Interpolating large raster series in R

841 views Asked by At

I have 36ish years of gridded/raster monthly temperature estimates that I'd like to convert into daily estimates. For now, I'm setting the monthly estimates at the midpoint of the month and doing a simple linear interpolation. To do so, I'm attempting to use the raster::calc and stats::approx described in this question. However, in doing so, I get the following error:

Error in is.infinite(v) : default method not implemented for type 'list'

Below is some code that hopefully provides a simulation of sorts to recreate the problem. I think the problem is how NA's are dealt with because the q_interp bit at the end (where no rasters are set to NA). That said, I'm not really sure what to do with this information.

library(raster)

#The parameters of the problem
num_days = 9861
months_num = 324
num_na = 191780

#generate baseline rasters
r <- raster(nrows=360, ncols=720); 
values(r) <- NA
x <- sapply(1:months_num, function(...) setValues(r, runif(ncell(r))))

#make them a stack
s = stack(x)

#define what x coordinates the rasters refer to (e.g. loosely convert monthly to daily). Probably not the most elegant solution in the world.
num_day_month = c(31,28,31,30,31,30,31,31,30,31,30,31)
days = as.character(seq(as.Date('1989/01/01'), as.Date('2015/12/31'), by = 'day'))
months = as.character(seq(as.Date('1989/01/01'), as.Date('2015/12/01'), by = 'month'))
months = substr(months, 1,nchar(months)-3)
mid_points = as.vector(lapply(months, function(x) grep(x,days,value =T)[round(length(grep(x,days,value =T))/2)]))
mp_loc = days %in% mid_points
#output is the monthly mid points on the daily scale
mp_day_locs = (1:length(days))[mp_loc]

#make some of the cells NA throughout the whole span. In the actual dataset, the NAs generally represent oceans.
s[sample(ncell(s), num_na)] = NA

#a function to interpolate
interp_row <- function(base_indexes, value_vector, return_indexes, rule_num =2) {
  nnn = length(value_vector)
  if (any(is.na(value_vector))) {
    return(rep(NA, nnn))
  } else {
    return(approx(x = base_indexes, y= value_vector, xout = return_indexes, rule=rule_num)$y)
  }
}

#this is the function call that causes the error to be thrown
s_interp = calc(s, function(y) interp_row(base_indexes = mp_day_locs, value_vector = y, return_indexes = 1:length(days),rule_num = 2))

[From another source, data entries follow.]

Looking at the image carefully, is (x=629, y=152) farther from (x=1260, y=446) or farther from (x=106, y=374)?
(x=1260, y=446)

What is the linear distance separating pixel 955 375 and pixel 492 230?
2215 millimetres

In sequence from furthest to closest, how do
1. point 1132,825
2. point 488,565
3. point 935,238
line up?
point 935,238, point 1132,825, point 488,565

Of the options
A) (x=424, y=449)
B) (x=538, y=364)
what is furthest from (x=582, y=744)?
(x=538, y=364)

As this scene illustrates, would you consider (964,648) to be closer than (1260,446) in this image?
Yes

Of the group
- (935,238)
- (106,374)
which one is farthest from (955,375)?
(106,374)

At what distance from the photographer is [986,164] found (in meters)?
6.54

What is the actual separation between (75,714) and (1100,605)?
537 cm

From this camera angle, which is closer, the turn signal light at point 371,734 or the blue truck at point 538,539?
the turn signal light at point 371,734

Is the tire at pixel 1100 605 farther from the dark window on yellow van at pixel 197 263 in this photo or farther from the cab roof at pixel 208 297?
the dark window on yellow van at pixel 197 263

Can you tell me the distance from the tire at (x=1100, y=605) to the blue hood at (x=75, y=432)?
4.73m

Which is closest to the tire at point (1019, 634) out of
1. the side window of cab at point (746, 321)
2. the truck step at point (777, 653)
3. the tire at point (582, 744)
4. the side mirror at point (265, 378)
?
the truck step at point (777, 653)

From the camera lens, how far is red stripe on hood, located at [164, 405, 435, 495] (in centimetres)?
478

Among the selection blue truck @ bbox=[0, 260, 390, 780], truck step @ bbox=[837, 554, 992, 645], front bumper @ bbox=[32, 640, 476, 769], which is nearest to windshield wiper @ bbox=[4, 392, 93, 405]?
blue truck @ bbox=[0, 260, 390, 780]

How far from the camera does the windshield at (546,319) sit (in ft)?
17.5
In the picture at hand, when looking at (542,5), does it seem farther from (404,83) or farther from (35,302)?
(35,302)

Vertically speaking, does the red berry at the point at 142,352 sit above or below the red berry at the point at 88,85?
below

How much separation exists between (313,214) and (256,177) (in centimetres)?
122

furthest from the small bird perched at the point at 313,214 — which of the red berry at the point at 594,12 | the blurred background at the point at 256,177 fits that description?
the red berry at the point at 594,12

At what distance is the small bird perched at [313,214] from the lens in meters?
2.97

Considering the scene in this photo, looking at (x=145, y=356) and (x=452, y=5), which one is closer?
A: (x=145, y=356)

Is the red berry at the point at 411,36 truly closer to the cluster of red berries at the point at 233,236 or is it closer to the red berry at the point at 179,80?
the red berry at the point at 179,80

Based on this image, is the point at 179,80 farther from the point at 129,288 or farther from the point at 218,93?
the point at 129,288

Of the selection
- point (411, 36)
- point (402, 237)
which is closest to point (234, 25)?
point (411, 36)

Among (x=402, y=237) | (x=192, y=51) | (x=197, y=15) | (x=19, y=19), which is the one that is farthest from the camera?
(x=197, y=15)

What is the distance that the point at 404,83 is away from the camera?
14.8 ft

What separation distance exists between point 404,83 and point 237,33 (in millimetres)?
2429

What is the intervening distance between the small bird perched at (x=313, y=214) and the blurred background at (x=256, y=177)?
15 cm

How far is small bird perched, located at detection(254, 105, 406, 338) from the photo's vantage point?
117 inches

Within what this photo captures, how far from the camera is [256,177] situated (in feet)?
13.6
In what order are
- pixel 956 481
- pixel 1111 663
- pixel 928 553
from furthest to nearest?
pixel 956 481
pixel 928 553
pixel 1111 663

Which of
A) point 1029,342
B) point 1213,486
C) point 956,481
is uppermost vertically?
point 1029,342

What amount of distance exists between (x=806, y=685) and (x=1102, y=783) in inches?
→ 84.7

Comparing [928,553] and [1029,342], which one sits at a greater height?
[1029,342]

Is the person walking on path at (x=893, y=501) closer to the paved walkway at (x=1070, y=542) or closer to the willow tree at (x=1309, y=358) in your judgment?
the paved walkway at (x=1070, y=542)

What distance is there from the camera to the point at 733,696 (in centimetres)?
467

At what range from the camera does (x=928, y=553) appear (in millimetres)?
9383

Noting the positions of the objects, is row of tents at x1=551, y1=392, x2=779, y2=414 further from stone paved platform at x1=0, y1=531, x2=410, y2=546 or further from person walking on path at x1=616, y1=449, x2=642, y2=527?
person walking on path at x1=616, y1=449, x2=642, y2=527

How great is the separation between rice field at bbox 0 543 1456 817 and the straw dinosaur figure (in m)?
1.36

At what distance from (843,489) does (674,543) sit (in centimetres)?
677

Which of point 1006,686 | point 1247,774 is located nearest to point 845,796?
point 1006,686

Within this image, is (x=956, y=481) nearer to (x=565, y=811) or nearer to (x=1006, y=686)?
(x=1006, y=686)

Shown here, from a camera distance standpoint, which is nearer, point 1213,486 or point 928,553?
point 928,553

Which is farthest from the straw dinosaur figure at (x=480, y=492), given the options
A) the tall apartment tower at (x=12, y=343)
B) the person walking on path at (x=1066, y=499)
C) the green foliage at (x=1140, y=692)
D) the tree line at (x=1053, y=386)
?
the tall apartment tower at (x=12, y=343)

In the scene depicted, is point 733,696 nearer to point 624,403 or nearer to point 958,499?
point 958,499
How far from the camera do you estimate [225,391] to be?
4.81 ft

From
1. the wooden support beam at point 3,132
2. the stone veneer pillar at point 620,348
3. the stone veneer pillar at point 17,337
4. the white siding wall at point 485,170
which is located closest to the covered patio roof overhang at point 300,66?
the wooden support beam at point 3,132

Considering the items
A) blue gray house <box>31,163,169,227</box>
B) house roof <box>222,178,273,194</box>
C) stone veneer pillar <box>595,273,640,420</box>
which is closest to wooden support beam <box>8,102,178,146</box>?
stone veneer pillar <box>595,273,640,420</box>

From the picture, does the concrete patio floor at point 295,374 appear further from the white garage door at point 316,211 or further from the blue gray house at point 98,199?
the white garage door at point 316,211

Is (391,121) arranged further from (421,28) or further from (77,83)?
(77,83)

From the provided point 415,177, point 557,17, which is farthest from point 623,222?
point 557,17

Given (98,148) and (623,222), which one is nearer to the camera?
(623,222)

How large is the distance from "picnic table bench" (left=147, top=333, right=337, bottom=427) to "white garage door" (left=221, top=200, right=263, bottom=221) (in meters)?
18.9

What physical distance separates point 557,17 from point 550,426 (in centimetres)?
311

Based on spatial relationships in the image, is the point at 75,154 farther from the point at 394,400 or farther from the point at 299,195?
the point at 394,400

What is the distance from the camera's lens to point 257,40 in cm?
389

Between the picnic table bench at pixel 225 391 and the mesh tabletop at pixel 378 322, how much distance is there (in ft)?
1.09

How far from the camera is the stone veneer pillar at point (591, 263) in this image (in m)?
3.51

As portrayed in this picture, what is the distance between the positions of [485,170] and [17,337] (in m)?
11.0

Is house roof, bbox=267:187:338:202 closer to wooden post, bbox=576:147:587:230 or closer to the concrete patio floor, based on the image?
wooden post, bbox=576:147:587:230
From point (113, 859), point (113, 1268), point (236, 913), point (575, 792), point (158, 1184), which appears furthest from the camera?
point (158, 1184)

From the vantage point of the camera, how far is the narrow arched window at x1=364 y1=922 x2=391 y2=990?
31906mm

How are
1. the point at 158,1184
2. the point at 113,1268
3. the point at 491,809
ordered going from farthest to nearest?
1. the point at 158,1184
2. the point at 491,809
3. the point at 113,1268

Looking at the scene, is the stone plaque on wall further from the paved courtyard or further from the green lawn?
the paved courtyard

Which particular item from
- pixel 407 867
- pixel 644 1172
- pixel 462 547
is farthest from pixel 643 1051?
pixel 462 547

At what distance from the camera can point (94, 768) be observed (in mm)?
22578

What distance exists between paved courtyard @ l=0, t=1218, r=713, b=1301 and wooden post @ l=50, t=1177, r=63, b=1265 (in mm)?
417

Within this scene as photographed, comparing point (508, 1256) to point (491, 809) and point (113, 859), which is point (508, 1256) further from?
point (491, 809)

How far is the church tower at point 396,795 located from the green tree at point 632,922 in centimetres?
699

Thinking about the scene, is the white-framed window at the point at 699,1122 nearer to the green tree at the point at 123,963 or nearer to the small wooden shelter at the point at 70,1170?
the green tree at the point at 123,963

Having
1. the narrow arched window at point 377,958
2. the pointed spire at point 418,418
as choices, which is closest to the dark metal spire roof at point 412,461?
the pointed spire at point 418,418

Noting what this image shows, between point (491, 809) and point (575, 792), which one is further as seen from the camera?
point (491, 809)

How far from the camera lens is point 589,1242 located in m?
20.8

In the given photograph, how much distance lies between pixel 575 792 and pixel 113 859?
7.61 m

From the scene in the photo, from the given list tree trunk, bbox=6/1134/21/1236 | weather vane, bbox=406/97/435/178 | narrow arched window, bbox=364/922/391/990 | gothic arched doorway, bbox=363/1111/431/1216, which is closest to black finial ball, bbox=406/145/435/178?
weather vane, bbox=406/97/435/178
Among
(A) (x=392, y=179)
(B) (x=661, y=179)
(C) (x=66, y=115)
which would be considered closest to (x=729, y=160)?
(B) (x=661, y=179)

#Now make a without NAs-- seems to work
#generate baseline rasters
r <- raster(nrows=360, ncols=720); 
values(r) <- NA
x <- sapply(1:months_num, function(...) setValues(r, runif(ncell(r))))
#make them a stack
q = stack(x)
q_interp = calc(q, function(y) interp_row(base_indexes = mp_day_locs, value_vector = y, return_indexes = 1:length(days),rule_num = 2))
1

There are 1 answers

0
maRtin On BEST ANSWER

The problem (as far as I can see) is the length of return vector created if any value is NA. In your case its length is the same as the input vector:

# length = 324
nnn = length(value_vector)
return(rep(NA, nnn))

However the return vector created in the correct case (without NA) is much longer (daily values):

#length = 9861
return(approx(x = base_indexes, y= value_vector, xout = return_indexes, rule=rule_num)$y)

As far as I know, the two return cases need to have the same lenght. Try to change your function as follows by setting rep(NA, length(return_indexes)) :

interp_row <- function(base_indexes, value_vector, return_indexes, rule_num =2) {
  nnn = length(value_vector)
  if (any(is.na(value_vector))) {
    return(rep(NA, length(return_indexes)))
  } else {
    return(approx(x = base_indexes, y= value_vector, xout = return_indexes, rule=rule_num)$y)
  }
}

Note: Your code seems to be quite slow. One quick solution is to use the clusterR() function to speed up your code. This function enables the use of multicore processing of some raster functions like calc. Type ?clusterR or have a look here.